■ **SUPPLIED RECORDS**:
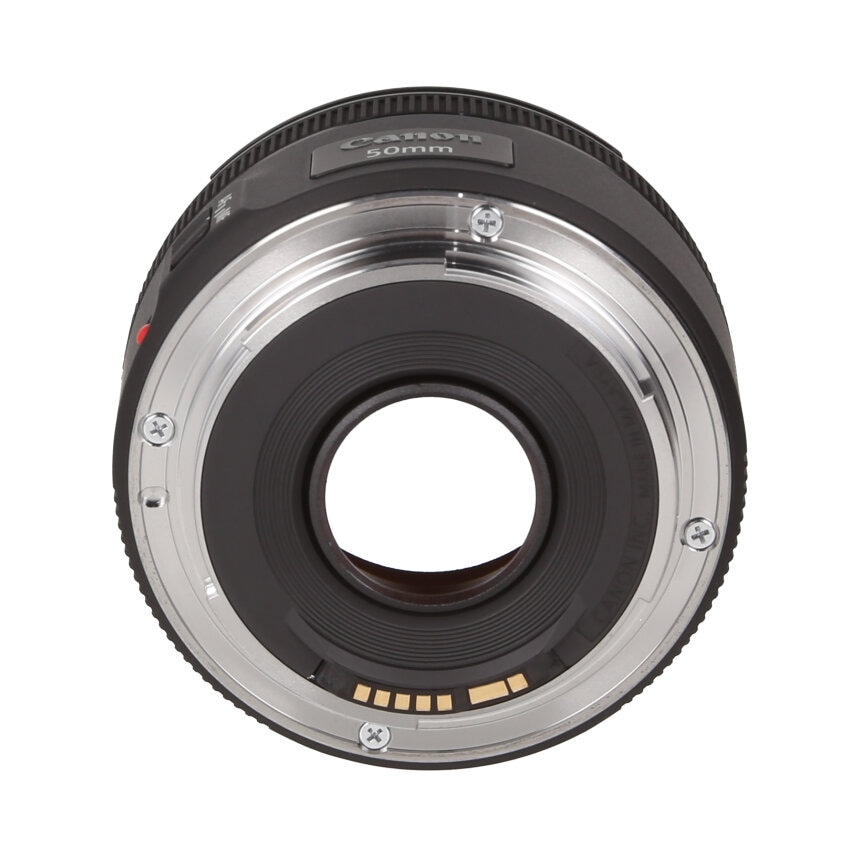 お*え様 【中古：AB(良品)】Canon キヤノン EF50mm F1.8 S Canon EF50mm F1.8 STM 【AB】 | レンズ,キヤノン | 三宝カメラ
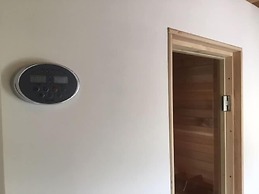 The Black Bull Hotel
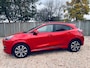 Ford Puma 1.0 Hybrid 155 PK ST-Line X AUTOMAAT Navigatie & Camera & Winterpakket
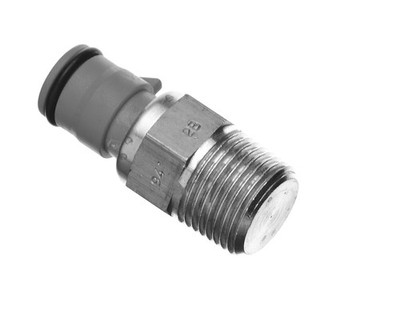 Lemark Kühlerlüfterschalter für Daihatsu 1988-2001 LFS148 50436 SNB1406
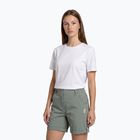 Spodenki trekkingowe damskie Aulp Derby lichen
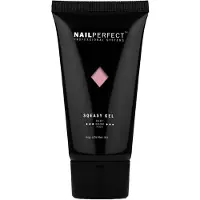 Nail Perfect Gel Sqeasy Gel Nagellak - 60gr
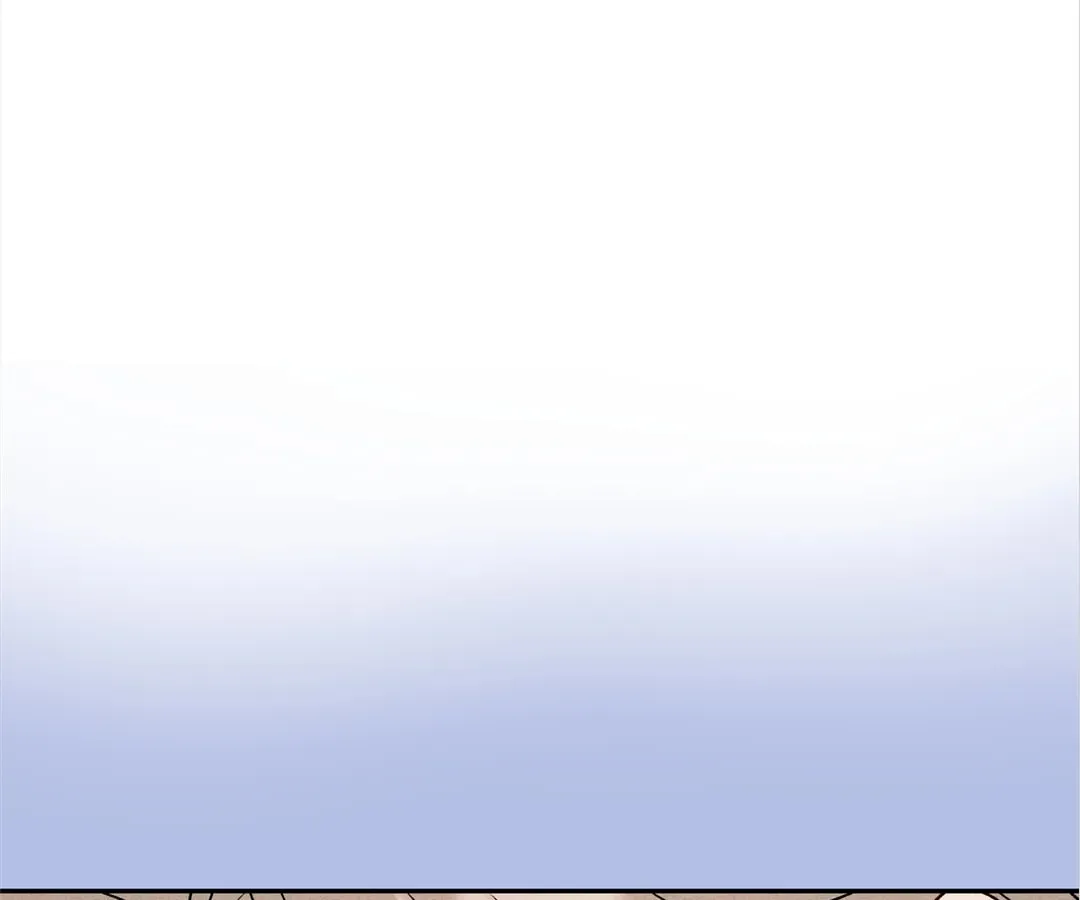 Transmigrated as an Omega who snags his Alpha Chapter 5 page 82 - 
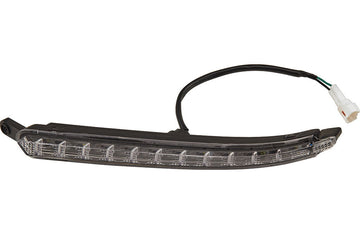 LED-lampa vänster fram LED light, Linhai 400D/500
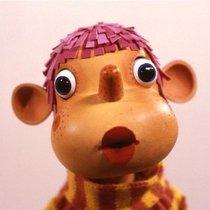 Gove for PM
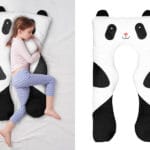 Kropspude til Børn - Zenkuru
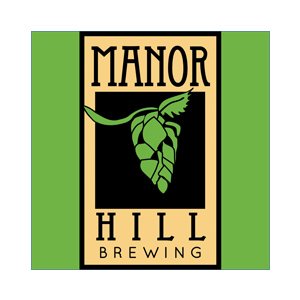 manor-hill-brewing.jpg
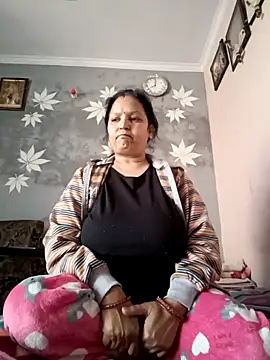 Kavya kapoor online show from February 14, 2025, 2:28 am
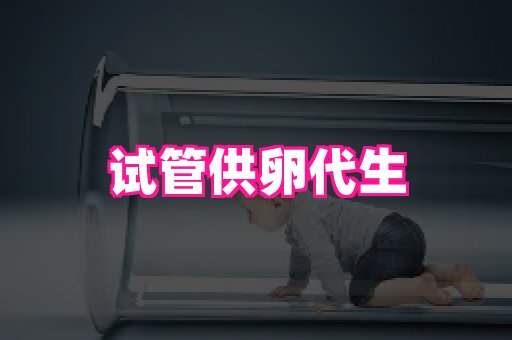 821孕网 1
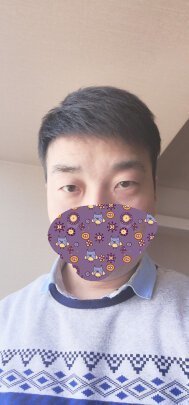 补发后效果——正面 补发后效果——正面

■ **BRIEF**: The records above need to be restated word for word, with the pictures left out.

■ **RESULT**:
 お*え様 【中古：AB(良品)】Canon キヤノン EF50mm F1.8 S Canon EF50mm F1.8 STM 【AB】 | レンズ,キヤノン | 三宝カメラ
 The Black Bull Hotel
 Ford Puma 1.0 Hybrid 155 PK ST-Line X AUTOMAAT Navigatie & Camera & Winterpakket
 Lemark Kühlerlüfterschalter für Daihatsu 1988-2001 LFS148 50436 SNB1406
 Spodenki trekkingowe damskie Aulp Derby lichen
 Nail Perfect Gel Sqeasy Gel Nagellak - 60gr
 Transmigrated as an Omega who snags his Alpha Chapter 5 page 82 - 
 LED-lampa vänster fram LED light, Linhai 400D/500
 Gove for PM
 Kropspude til Børn - Zenkuru
 manor-hill-brewing.jpg
 Kavya kapoor online show from February 14, 2025, 2:28 am
 821孕网 1
 补发后效果——正面 补发后效果——正面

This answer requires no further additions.